Before reaching for the reset button, however, Melia had to weather a crisis of faith. Early in 2016, when talk of writing another album began, the guitarist and vocalist was questioning where the band were heading: weighing up what they had created and what it meant.
British India formed when all four members – Melia, guitarist Nic Wilson, bassist Will Drummond and drummer Matt O’Gorman – were 16 and in high school. Together they’ve seen no less than eight of their songs voted into the triple j Hottest 100, had their ‘I Can Make You Love Me’ single certified Gold, played every festival from Byron Bay to WA, toured, toured and toured again.
As the band turned the corner into its 10th year since their debut album ‘Guillotine’ 2007, the music world looked different.

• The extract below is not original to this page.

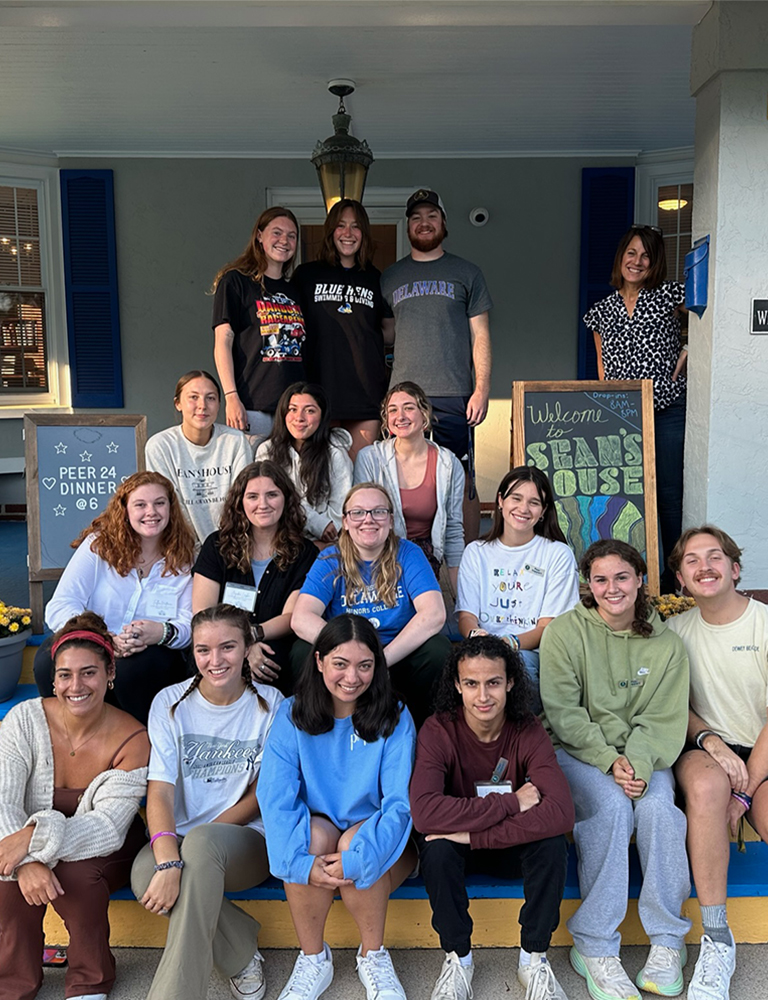 Some of our Peer24 Leads sitting on the stoop at 136.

Melia wasn’t sure where British India fitted or what he wanted to say.
“I was questioning where I belonged, and not only in a musical sense. I was questioning where I was in my life and what the future held for me, where I wanted to be. I had to go to the guys and say, ‘OK, are we going to make another record?’ because I wasn’t sure that we would.”
The answer to Melia’s question was a collective “yes”, so as the premise for writing was set, the band rented the front room of Sing Sing Recording Studios in Melbourne’s south and settled in. No time constraints, no limitations – and then, with the band together again in a room, the writing flowed quickly. They recorded demos as they wrote, turning out riffs and ideas for no less than eight months before Oscar Dawson stepped in to work with them on turning the unbridled ideas into a record.
During that time, Melia realised that his own struggles mirrored those of the world at large – or, as he puts it, “the whole world seems to be having a crisis of faith” – and so he began to write, his lyrics taking on a “micro-verses-macro form: me thinking about my own life, then weighing that up against everything else that’s going on”.
The first single ‘Precious’ is perhaps the most clear example of Melia writing away his uncertainty, the front man yearning to accept the brevity of life and that each scene of beauty should be valued. Another standout track is ‘Absolutely Disgusting’, one of the album’s few tender moments, which sees Melia exploring starkly honest relationship failings.
Front and centre of the album is British India’s signature melodic chaos, more unhinged than ever in the frenetic yet danceable rhythms of ‘Midnight Homie’ and ‘My Love’. ‘My Love’ was the first song fully completed for the record, and when the band gathered around the studio speakers to listen, they knew they were making the album they needed to make.